0002-Atomically-test-and-set-PHJ-RIGHT_SEMI-match-flags.patch
text/x-patch
Filename: 0002-Atomically-test-and-set-PHJ-RIGHT_SEMI-match-flags.patch
Type: text/x-patch
Part: 1
Patch
Same data as JSON:
GET /api/v1/attachments/:id/patch
the parsed metadata as JSON — format, series position, per-file stats; never the diff bytes.
API reference →
Format: format-patch
Series: patch 0002
Subject: Atomically test-and-set PHJ RIGHT_SEMI match flags.
| File | + | − |
|---|---|---|
| src/backend/executor/nodeHashjoin.c | 28 | 2 |
| src/include/access/htup_details.h | 12 | 0 |
| src/include/port/atomics.h | 54 | 0 |
From d26f8ff4e9ba62563f55bb47eb82fe14fb424024 Mon Sep 17 00:00:00 2001
From: Thomas Munro <thomas.munro@gmail.com>
Date: Tue, 11 Nov 2025 13:37:49 +1300
Subject: [PATCH 2/2] Atomically test-and-set PHJ RIGHT_SEMI match flags.
Fix the race that led to PHJ RIGHT_SEMI being reverted from v18 (commit
257ee783), by introducing an introducing an atomic test-and-set function
for match flags.. Each tuple can be emitted exactly once on first match
in any backend, when a RIGHT_SEMI join is executed by PHJ.
TODO: not seriously tested, focusing more on the atomic portability
questions than the RIGHT_SEMI correctness (see patch for concerns)

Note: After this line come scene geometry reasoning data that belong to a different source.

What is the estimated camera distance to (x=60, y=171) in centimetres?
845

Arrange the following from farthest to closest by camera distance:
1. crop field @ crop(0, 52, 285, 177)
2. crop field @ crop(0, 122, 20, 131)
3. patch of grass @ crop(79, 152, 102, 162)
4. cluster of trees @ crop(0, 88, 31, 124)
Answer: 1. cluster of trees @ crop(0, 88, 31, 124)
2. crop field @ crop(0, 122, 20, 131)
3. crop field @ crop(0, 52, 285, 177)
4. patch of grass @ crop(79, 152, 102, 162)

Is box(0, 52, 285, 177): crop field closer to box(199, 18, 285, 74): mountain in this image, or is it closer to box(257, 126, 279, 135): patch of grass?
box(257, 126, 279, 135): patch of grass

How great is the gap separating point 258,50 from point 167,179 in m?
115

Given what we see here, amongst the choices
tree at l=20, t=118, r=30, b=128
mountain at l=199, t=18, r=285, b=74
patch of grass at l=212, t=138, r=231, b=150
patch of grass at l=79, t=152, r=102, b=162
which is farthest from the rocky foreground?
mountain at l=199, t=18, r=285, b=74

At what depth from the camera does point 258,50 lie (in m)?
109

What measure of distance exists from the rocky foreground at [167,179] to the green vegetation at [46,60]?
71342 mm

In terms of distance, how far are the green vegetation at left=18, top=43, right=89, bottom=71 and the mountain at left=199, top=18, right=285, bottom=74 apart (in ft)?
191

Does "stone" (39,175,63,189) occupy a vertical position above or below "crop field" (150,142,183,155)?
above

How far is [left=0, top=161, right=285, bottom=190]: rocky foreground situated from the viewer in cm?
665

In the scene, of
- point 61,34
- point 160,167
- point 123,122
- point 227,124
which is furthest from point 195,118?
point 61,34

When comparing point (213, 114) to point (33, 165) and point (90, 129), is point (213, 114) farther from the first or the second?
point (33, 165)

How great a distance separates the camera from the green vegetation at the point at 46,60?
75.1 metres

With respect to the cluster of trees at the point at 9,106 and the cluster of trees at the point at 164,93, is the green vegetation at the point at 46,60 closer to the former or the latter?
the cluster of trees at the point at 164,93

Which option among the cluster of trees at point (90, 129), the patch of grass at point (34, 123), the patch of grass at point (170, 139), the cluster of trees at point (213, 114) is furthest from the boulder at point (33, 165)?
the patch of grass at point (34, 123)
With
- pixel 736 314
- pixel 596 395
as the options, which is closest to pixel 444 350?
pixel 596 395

TODO: figure out if it's worth specializing this function for (1) no
match tracking, (2) relaxed match tracking and (3) atomic match
tracking, but for now it's tested at runtime
Discussion: https://postgr.es/m/CA%2BhUKGK2ken0RAHV1crSaS6zNWDkSWxKdb%3DS9BSxAUo0CfZx7g%40mail.gmail.com
---
src/backend/executor/nodeHashjoin.c | 30 ++++++++++++++--
src/include/access/htup_details.h | 12 +++++++
src/include/port/atomics.h | 54 +++++++++++++++++++++++++++++
3 files changed, 94 insertions(+), 2 deletions(-)
diff --git a/src/backend/executor/nodeHashjoin.c b/src/backend/executor/nodeHashjoin.c
index 5661ad76830..e0d5230d9cd 100644
--- a/src/backend/executor/nodeHashjoin.c
+++ b/src/backend/executor/nodeHashjoin.c
@@ -560,8 +560,34 @@ ExecHashJoinImpl(PlanState *pstate, bool parallel)

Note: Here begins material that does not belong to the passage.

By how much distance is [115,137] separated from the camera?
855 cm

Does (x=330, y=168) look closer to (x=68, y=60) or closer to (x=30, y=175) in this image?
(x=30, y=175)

* we are in a right-semijoin, but we'll avoid the branch
* and just set it always.
*/
- if (!HeapTupleHeaderHasMatch(HJTUPLE_MINTUPLE(node->hj_CurTuple)))
- HeapTupleHeaderSetMatch(HJTUPLE_MINTUPLE(node->hj_CurTuple));
+ if (parallel && node->js.jointype == JOIN_RIGHT_SEMI)
+ {
+ /*
+ * The earlier check for a match flag was relaxed and
+ * might have seen an arbitrarily out-of-date value.
+ * Now we use an atomic check, to make sure that only
+ * one backend sets the match flag and emits this
+ * tuple. Any others skip the tuple having wasted a
+ * few cycles.
+ */
+ if (HeapTupleHeaderTestAndSetMatch(HJTUPLE_MINTUPLE(node->hj_CurTuple)))
+ continue;
+ }
+ else
+ {
+ /*
+ * In serial joins there is no concurrency to worry
+ * about, and in parallel joins other than
+ * JOIN_RIGHT_SEMI, the match flags won't be consulted
+ * until after synchronizing on a barrier and it
+ * doesn't matter if multiple backends sometimes set
+ * it concurrently, so we can be quite sloppy here. We
+ * still avoid setting it if we can already see it's
+ * set, just to avoid dirtying memory unnecessarily.
+ */
+ if (!HeapTupleHeaderHasMatch(HJTUPLE_MINTUPLE(node->hj_CurTuple)))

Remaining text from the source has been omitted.